The eye and brain injuries he sustained were expected to leave him in a nursing home for the rest of his life. In September 2009, Graziano returned to his home where he continued to receive full-time care.

Hogan was charged with several violations for the crash, including a felony. He turned himself in to authorities on Wednesday, November 7, 2007, and was released within hours on $10,000 bail. Hogan was charged with reckless driving involving serious bodily injury (a 3rd degree felony, punishable by up to 5 years in prison plus fines), use of a motor vehicle in commission of a felony, a person under the age of 21 operating a vehicle with a blood alcohol level of 0.02% or higher, and illegal window tint. Two hours after the wreck, Hogan's blood alcohol content was 0.055%.

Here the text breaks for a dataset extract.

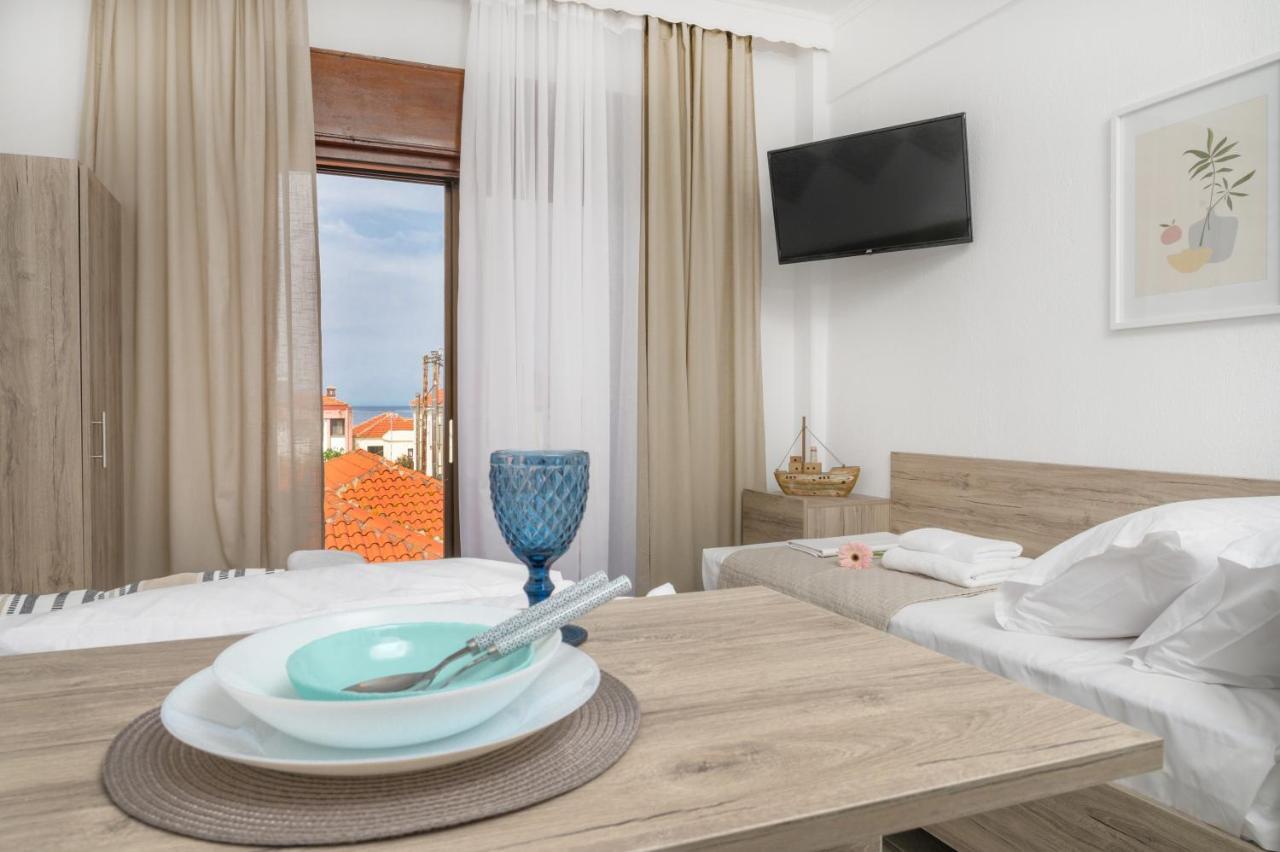 Sand Rooms To Let Nea Roda Exterior photo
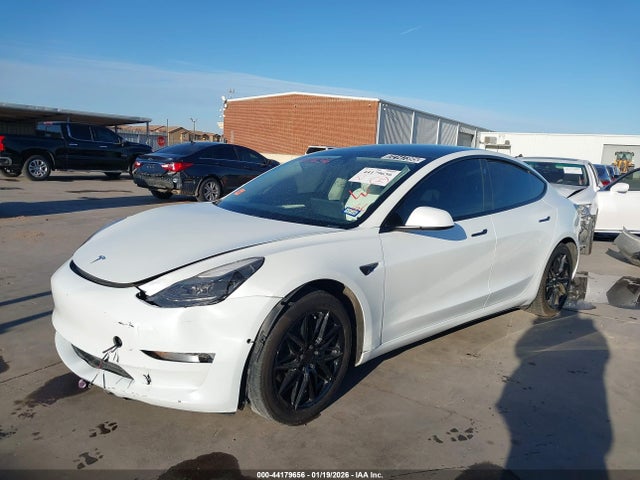 Aukcja sprzedaży 2021 Tesla Model 3 Long Range Dual Motor All-wheel Drive, vin: 5YJ3E1EB7MF062713, numer aukcji: 44179656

On May 9, 2008, Hogan entered a no contest plea and was sentenced to eight months in Pinellas County Jail. The sentence also called for Hogan to serve five years of probation, 500 community service hours, and his driver's license was suspended for three years. Hogan was separated from the general jail population because he was a minor. Soon after, Hogan was moved to join three other juvenile inmates.

On October 21, 2008, Hogan was released from the Pinellas County Jail due to "good time" credit and moved to his mother's home in Clearwater, Florida. On May 4, 2012, Hogan was granted early release from felony probation.

===2023 DUI charge and probation===

On November 18, 2023, Hogan was arrested for DUI in Clearwater, Florida. Hogan's father was on the scene during the arrest for aid. On June 21, 2024, Hogan was sentenced to one year of probation for the incident.

== Personal life ==
Hogan began dating Tana Lea in 2019 and married her in January 2025.

Hogan and his wife appeared onstage during the July 28, 2025 episode of WWE Raw during a ten-bell salute ceremony after his father's death. They appeared in the audience at Summer Slam on August 2, 2025 as the WWE event played his father's classic theme song, "Real American," at the end of a tribute video.

Following his father's death, Hogan was named the sole heir of his estate, and took over his role as commissioner of Real American Freestyle.